The Notes are originally being issued as part of the 6.00% Tangible Equity Units (the “ Units ”) issued by the Company pursuant to that certain Purchase Contract Agreement, dated as of September 17, 2018, between the Company and U.S. Bank National Association, as Purchase Contract Agent, as Trustee and as attorney-in-fact for the holders of Purchase Contracts from time to time (the “ Purchase Contract Agreement ”). Holders of the Units have the right to separate such Units into their constituent parts, consisting of Separate Purchase Contracts (as defined in the Purchase Contract Agreement) and Separate Notes, during the times, and under the circumstances, described in the Purchase Contract Agreement. Following separation of any Unit into its constituent Separate Note and Separate Purchase Contract, the Separate Notes are transferable independently from the Separate Purchase Contracts. In addition, Separate Notes can be recombined with Separate Purchase Contracts to recreate Units, as provided for in the Purchase Contract Agreement. Reference is hereby made to the Purchase Contract Agreement for a more complete description of the terms thereof applicable to the Units.

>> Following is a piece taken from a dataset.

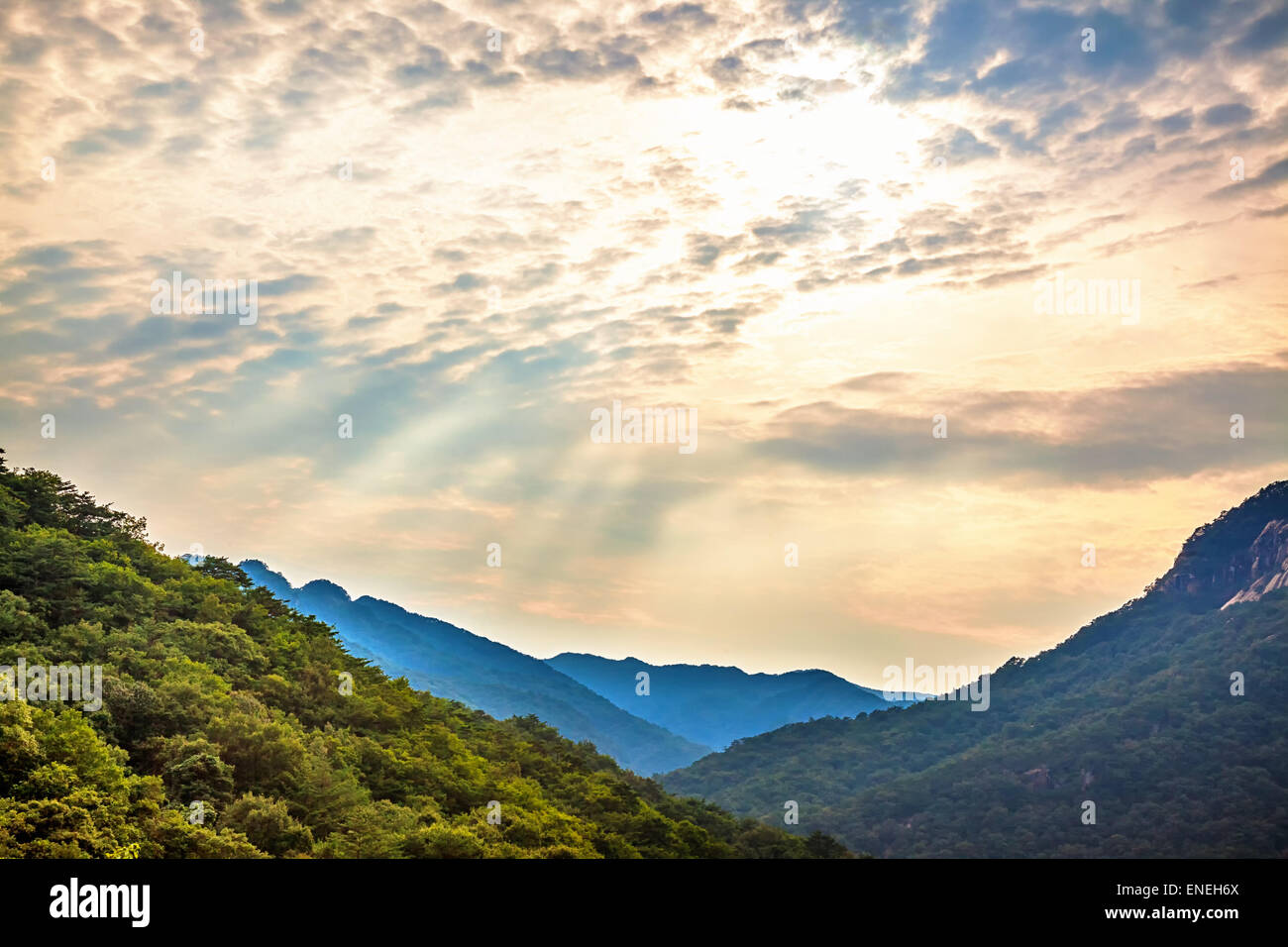 Mountains with green trees landscape and cloudy sky with sunbeams in ...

As provided in the Indenture and subject to certain limitations therein set forth, the transfer of this Note shall be registered on the Security Register of the Company, upon due presentation of this Note for registration of transfer at the office or agency of the Company in the Borough of Manhattan, The City of New York, duly endorsed by, or accompanied by a written instrument or instruments of transfer in form satisfactory to the Company and the Trustee duly executed by, the Holder hereof or by his attorney duly authorized in writing, and thereupon the Company shall execute and the Trustee shall authenticate and deliver in the name of the transferee or transferees a new Note or Notes in authorized denominations and for a like aggregate principal amount.

The Notes are initially issued in registered, global form without coupons in denominations equal to $8.45436 initial principal amount and integral multiples in excess thereof.

The Company or Trustee may require payment of a sum sufficient to cover any tax or other governmental charge that may be imposed in connection with any registration of transfer of this Note. No service charge shall be made for any such transfer or for any exchange of this Note as contemplated by the Indenture.

The Company, the Trustee and any agent of the Company or the Trustee may deem and treat the Person in whose name this Note is registered upon the Security Register for the Notes as the absolute owner of this Note (whether or not this Note shall be overdue and notwithstanding any notice of ownership or writing thereon made by anyone other than the Registrar) for the purpose of receiving payment of or on account of the principal of and, subject to the provisions of the Indenture, interest on this Note and for all other purposes; and neither the Company nor the Trustee nor any agent of the Company or the Trustee shall be affected by any notice to the contrary.

This Note and the Indenture shall be governed by, and construed in accordance with, the laws of the State of New York .

Capitalized terms used but not defined in this Note shall have the meanings ascribed to such terms in the Indenture.

No recourse shall be had for the payment of any Installment Payment on this Note, or for any claim based hereon, or upon any obligation, covenant or agreement of the Company in the Indenture, against any incorporator, stockholder, officer or director, past, present or future of the Company or of any predecessor or successor, either directly or through the Company or any predecessor or successor, whether by virtue of any constitution, statute or rule of law, or by the enforcement of any assessment of penalty or otherwise; and all such personal liability is expressly released and waived as a condition of, and as part of the consideration for, the issuance of this Note.

 

A - 5


The Company and each Beneficial Holder agrees, for United States federal income tax purposes, to treat the Notes as indebtedness of the Company.

In the event of any inconsistency between the provisions of this Note and the provisions of the Indenture, the Indenture shall prevail.

 

A - 6


ASSIGNMENT

FOR VALUE RECEIVED, the undersigned assigns and transfers this Note to:

(Insert assignee’s social security or tax identification number)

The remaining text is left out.